Saturday, October 11, 2014

What can a Novorossiya soldier, a Strelkov's man, teach all of us, including a Platonist with a Ph.D.?

Strelkov's comrade in arms from Slavyansk with a name de guerre Sever (North) speaks his mind. Among other things, he says that there has not been a better system than Soviet socialism. Why? Two things: 1) everyone had a work, and the right to work was the grounding of man's dignity, 2) related to that was Soviet socialism's early achievement (as opposed to its officially "developed" or decadent and dying form) encapsulated  in the slogan and greeting: "Honor to work."

Honor, a virtue, previously a supposedly aristocratic value, had been won by the people.  This concept of honor was and is very different from the liberal/bourgeois or American sense of "being special" whereby one caresses one's ego/egoism.

The Soviet sense of honor was tied (horror of horrors!) to the common good: "Everyone is free to win honor if s/he serves the common good according to one's abilities." To achieve honor meant to serve the common good. Part of this agon for honor was for men to serve in the army. In other words, what was truly animating the system and giving it its energy, life, and purpose was a moral, ethical idea of the intertwined notions of honor and the common good.

When Soviet leadership and bureaucracy became dead to the idea of honor and the common good--hence to the idea of the good, the system started to die and stink from the head down. For, in this way, the leadership, as opposed to the majority of the people in the Soviet Union, died to what was making the system alive.

Fighting for Novorossiya and thus also for the Russian nation's rebirth, Sever has won his honor back.

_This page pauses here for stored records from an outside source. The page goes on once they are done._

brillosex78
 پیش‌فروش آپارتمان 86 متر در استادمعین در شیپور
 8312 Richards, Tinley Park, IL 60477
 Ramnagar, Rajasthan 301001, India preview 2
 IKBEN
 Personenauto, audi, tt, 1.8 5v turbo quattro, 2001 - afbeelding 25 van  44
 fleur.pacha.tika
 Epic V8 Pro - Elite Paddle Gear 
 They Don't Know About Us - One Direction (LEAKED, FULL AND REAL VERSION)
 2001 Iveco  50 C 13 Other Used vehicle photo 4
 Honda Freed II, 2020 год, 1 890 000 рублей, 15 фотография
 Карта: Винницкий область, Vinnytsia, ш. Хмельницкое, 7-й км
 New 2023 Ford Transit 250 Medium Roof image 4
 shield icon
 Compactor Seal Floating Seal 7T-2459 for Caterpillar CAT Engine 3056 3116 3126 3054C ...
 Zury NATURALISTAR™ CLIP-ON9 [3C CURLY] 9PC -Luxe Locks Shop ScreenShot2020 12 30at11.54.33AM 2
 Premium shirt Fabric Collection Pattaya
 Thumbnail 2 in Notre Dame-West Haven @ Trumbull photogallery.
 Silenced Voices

The struggle of Novorossiya is bringing honor back to people who were and are treated by oligarchs and Ukrainian Nazis as their supposed slaves. Strelkov's men and women are bringing the idea of honor and the common good back to life.  They are bringing Russia back to life.

Meanwhile, oligarchic Moscow tries to strike a deal with Kiev's Nazis in order to avoid all this. They want to remain feeling "special" as "partners" of the Empire.



1 comment:

  1. A struggle for the return of honor as a beacon of hope for a World bound in humiliation. Eternal thanks.